The Tennessee Comptroller’s audit division has concluded the Shelby County Election Commission has “demonstrated an inability to conduct elections without significant inaccuracies, including those identified in the 2012 elections.” But the audit review requested by Tennessee Secretary of State Tre Hargett also concludes there was “no discernable evidence of intentional misconduct or other actions intended to affect or influence the election process or election outcomes in Shelby County.” The report – which goes to Tennessee Gov. Bill Haslam, Hargett and state legislators, who will recommend election commissioners for counties across the state to the Tennessee Election Commission in April – examined election problems in Shelby County prior to 2012.

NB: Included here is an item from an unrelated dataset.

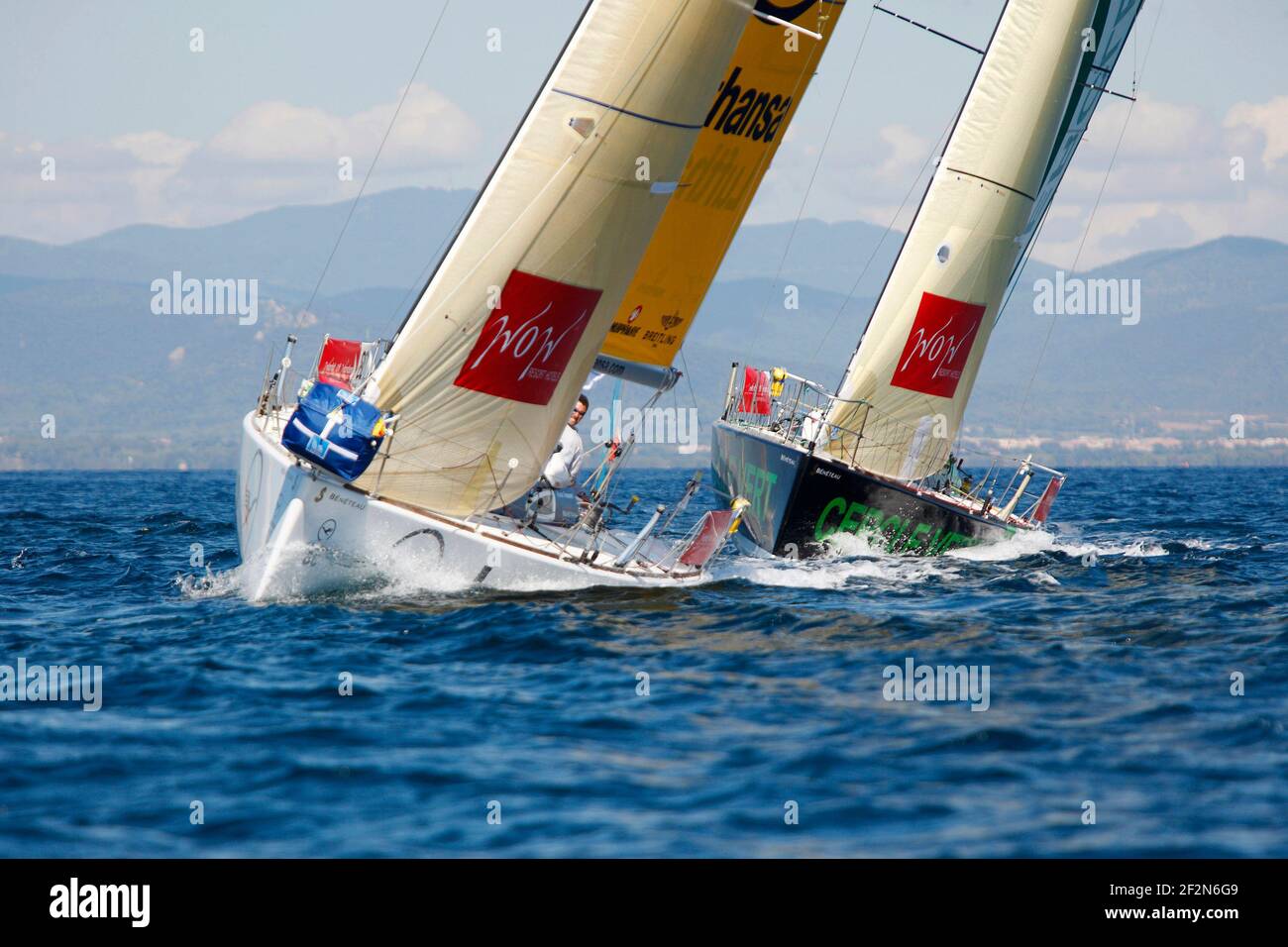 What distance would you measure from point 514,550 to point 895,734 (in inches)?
A: 196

But the report focused its findings on the run-up to the Aug. 2 election. It specifically examined the election commission staff’s update of voter information to include, which districts the voters lived in as a result of the once-a-decade redistricting process. Redistricting reflects changes and shifts in population as measured in the U.S. Census. The report shows the local election commission was never on a detailed schedule worked out in advance and that elections administrator Richard Holden wasn’t preparing backup plans as Shelby County Commissioners delayed approval of their new district lines.
Hargett moved for the audit review after numerous complaints in Shelby County of voters getting the wrong district races on their ballots. The complaints began during the early voting period in July. Some suburban voters in precincts that included some citizens within as well as outside the boundaries of towns and cities complained that they didn’t get ballots with the referendums on forming municipal school districts.